40 CFR § 79.62 - Subchronic toxicity study with specific health effect assessments.
(a) Purpose -
(1) General toxicity. This subchronic inhalation study is designed to determine a concentration-response relationship for potential toxic effects in rats resulting from continuous or repeated inhalation exposure to vehicle/engine emissions over a period of 90 days. A subgroup of perfusion-fixed animals is required, in addition to the main study population, for more exacting organ and tissue histology. This test will provide screening information on target organ toxicities and on concentration levels useful for running chronic studies and establishing exposure criteria. Initial information on effective concentrations/exposures of the test atmosphere may be determined from the literature of previous studies or through concentration range-finding trials prior to starting this study. This health effects screening test is not capable of directly determining those effects which have a long latency period for development (e.g., carcinogenicity and life-shortening), though it may permit the detremination of a no-observed-adverse-effect level, or NOAEL.
(2) Specific health effects assessments (HEAs). These supplemental studies are designed to determine the potential for reproductive/teratologic, carcinogenic, mutagenic, and neurotoxic health effect outcomes from vehicle/engine emission exposures.

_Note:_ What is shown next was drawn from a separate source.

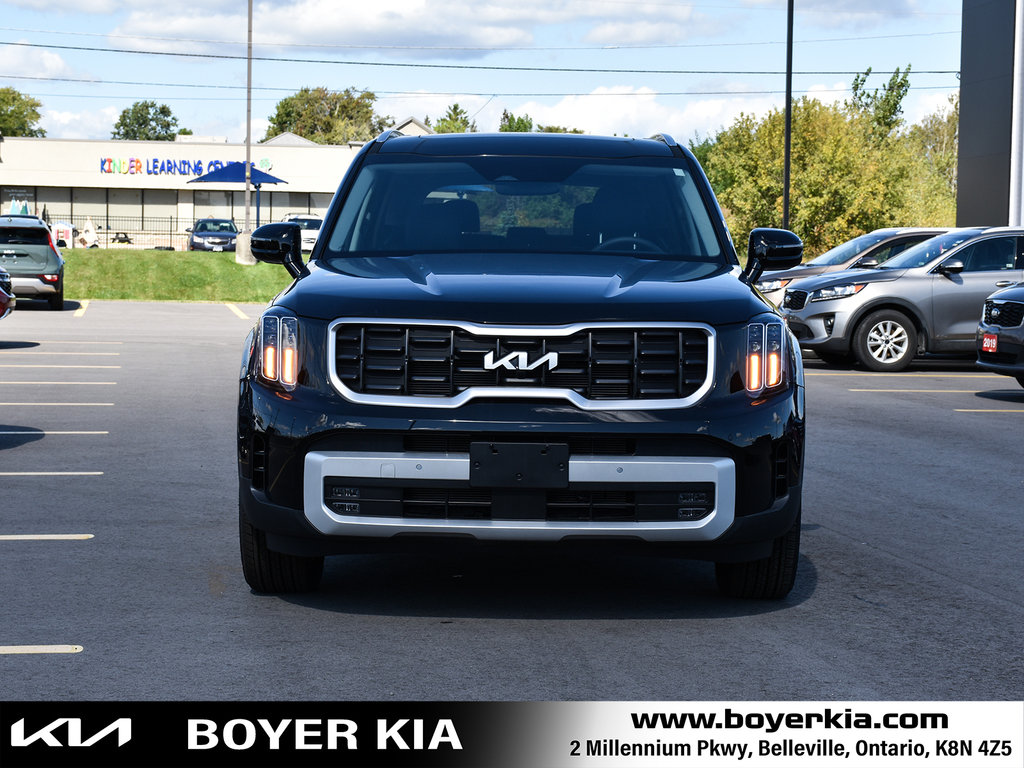 2024 Kia Telluride in Pickering, Ontario - 3 - w1024h768px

They are done in combination with the subchronic toxicity study and paragraph (c) of this section or may be done separately as outlined by the appropriate test guideline.
(i) Fertility assessment/teratology. The fertility assessment is an in vivo study designed to provide information on potential health hazards to the fetus arising from the mother's repeated exposure to vehicle/engine emissions before and during her pregnancy. By including a mating of test animals, the study provides preliminary data on the effects of repeated vehicle/engine emissions exposure on gonadal function, conception, and fertility. The fertility assessment/teratology guideline is found in § 79.63.

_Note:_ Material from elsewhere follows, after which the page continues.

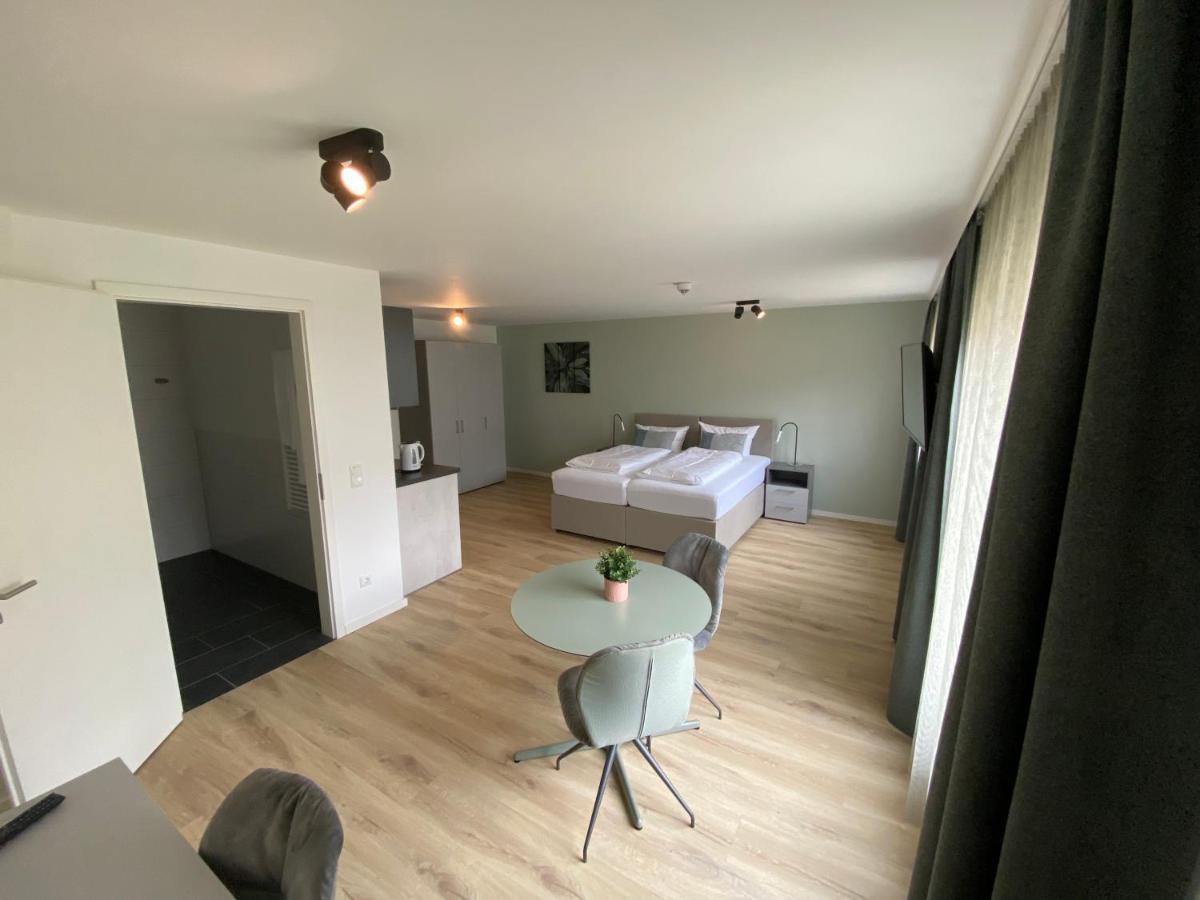 Snooze Apartments Alling Eksteriør billede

(ii) Micronucleus (MN) Assay. The MN assay is an in vivo cytogenetic test which gives information on potential carcinogenic and/or mutagenic effects of exposure to vehicle/engine emissions. The MN assay detects damage to the chromosomes or mitotic apparatus of cells in the tissues of a test subject exposed repeatedly to vehicle/engine emissions. The assay is based on an increase in the frequency of micronucleated erythrocytes found in bone marrow from treated animals compared to that of control animals. The guideline for the MN assay is found in § 79.64.
(iii) Sister Chromatid Exchange (SCE) Assay. The SCE assay is an in vivo analysis which gives information on potential mutagenic and/or carcinogenic effects of exposure to vehicle/engine emissions. The assay detects the ability of a chemical to enhance the exchange of DNA between two sister chromatids of a duplicating chromosome. This assay uses peripheral blood lymphocytes isolated from an exposed rodent test species and grown to confluence in cell culture. The guideline for the SCE assay is found in § 79.65.
(iv) Neurotoxicity (NTX) measures. NTX measures include (A) histopathology of specified central and peripheral nervous system tissues taken from emission-exposed rodents, and (B) an assay of brain tissue levels of glial fibrillary acidic protein (GFAP), a major filament protein of astrocytes, from emission-exposed rodents. The guidelines for the neurohistopathology and GFAP studies are found in § 79.66 and § 79.67, respectively.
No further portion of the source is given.